Undoing Some Recent Supreme Court Damage

People’s motivations for their conduct can be complicated. It is rare that someone has just one reason for doing something. For example, I might decide to take a vacation to Florida in the winter because it is sunny, and also because I want to visit my relatives there. In other words, I have mixed motives.

The plaintiff in a case recently decided by the Supreme Court also had to deal with the problem of mixed motives. Jack Gross had been working for a company called FBL for more than thirty years, starting when he was in his 20's. In 2003, when he was 54 years old, FBL reassigned him to a position called “claims project coordinator,” and transferred many of the duties he had previously performed to his subordinate, a woman in her 40's.

Gross filed suit, alleging that he was demoted due to his age. FBL responded that it reassigned Gross as part of a corporate restructuring and that Gross’ new position was better suited to his skills. So what is a court to do if both reasons - illegal age discrimination AND a valid restructuring - played a part in FBL’s decision? The trial judge instructed the jury that if the forbidden reason had played any part in FBL's action, they must rule for Gross. The jury found in Gross’s favor and awarded him $ 46,945 in lost compensation.

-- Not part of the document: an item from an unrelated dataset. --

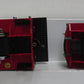 LGB 22150 Steam Loco w/Tender DR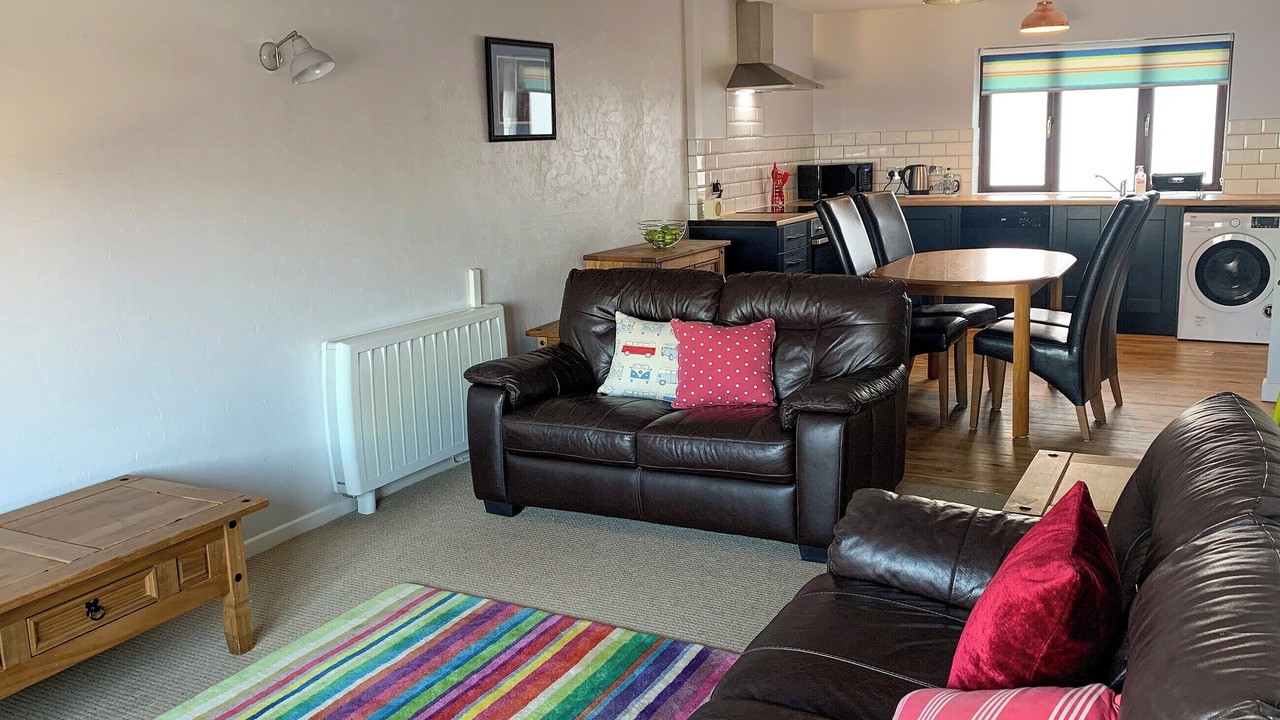 Photo of Others in Benllech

Since 1967, with the passage of the Age Discrimination in Employment Act (“ADEA”), it has been illegal for employers to discriminate against their older employees (age 40 and above) on the basis of their age. Although the ADEA has many similarities with Title VII of the Civil Rights Act, it is not identical. Over the years, the differences have been the subject of much debate and many law suits.

One of those differences involves how to deal with mixed motives. Under Title VII, if a plaintiff proves that his race, for example, was a “motivating factor” in an adverse action taken by his employer, he has established a claim. At that point, the burden of persuasion shifts to the employer to show that it would have taken the same action anyway. Thus, the Gross trial court's mixed motive instruction to the jury.

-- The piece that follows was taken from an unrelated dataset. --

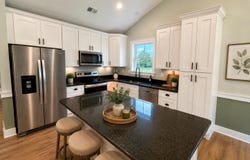 705 CARMICHAEL Road, QUEENSTOWN, MD 21658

But when FBL appealed Gross’s verdict, the Court of Appeals held that the ADEA was different from Title VII. They held that under the ADEA, in order to win, Gross needed to prove not just that that age was “a motivating factor,” but that it was FBL’s “determining factor” in reassigning Gross and replacing him with his younger subordinate.

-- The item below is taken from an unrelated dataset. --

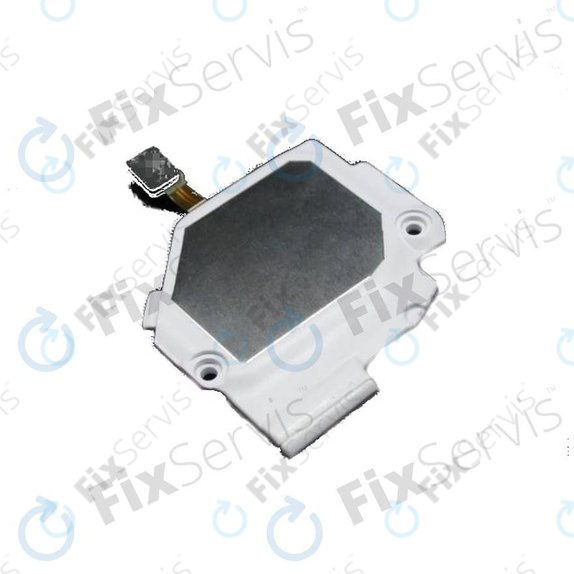 Samsung Galaxy Note 8.0 GT-N5100 - Slúchadlo + Flex Kábel - GH59-12906A Genuine Service Pack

The Supreme Court agreed. In a 5-4 split, the Supreme Court held that a plaintiff bringing an ADEA claim must prove, by a preponderance of the evidence, that age was the "but-for" cause of the challenged adverse employment action. The burden of persuasion does not shift to the employer to show that it would have taken the action regardless of age, even when a plaintiff has produced some evidence that age was one motivating factor in that decision. See Gross v. FTL Financial Services.

Earlier this month, both houses of Congress introduced legislation intended to remedy the Supreme Court’s evisceration of the ADEA. See the House and Senate versions here.

As they did when the Supreme Court’s 5-4 conservative majority ruled against Lilly Ledbetter, Congress has now introduced legislation to overrule this decision. Introducing the House version, Rep. George Miller (D) of California’s 7th District noted:
The same conservative Supreme Court justices responsible for the backward ruling against Lilly Ledbetter have now thrown another legal barrier in front of hard-working older Americans. Workplace discrimination based on age is just as wrong as discrimination based on any other irrelevant factor -- and it should be treated as such in the court of law.
Interestingly, the House version has a retroactivity provision that would return things to the way they were before the Gross decision. A similar provision was included in the Ledbetter Act which was signed into law in January 2009.

Some commentators have noted that the acronym for the “Protecting Older Workers Against Discrimination Act” is POWADA. I like it.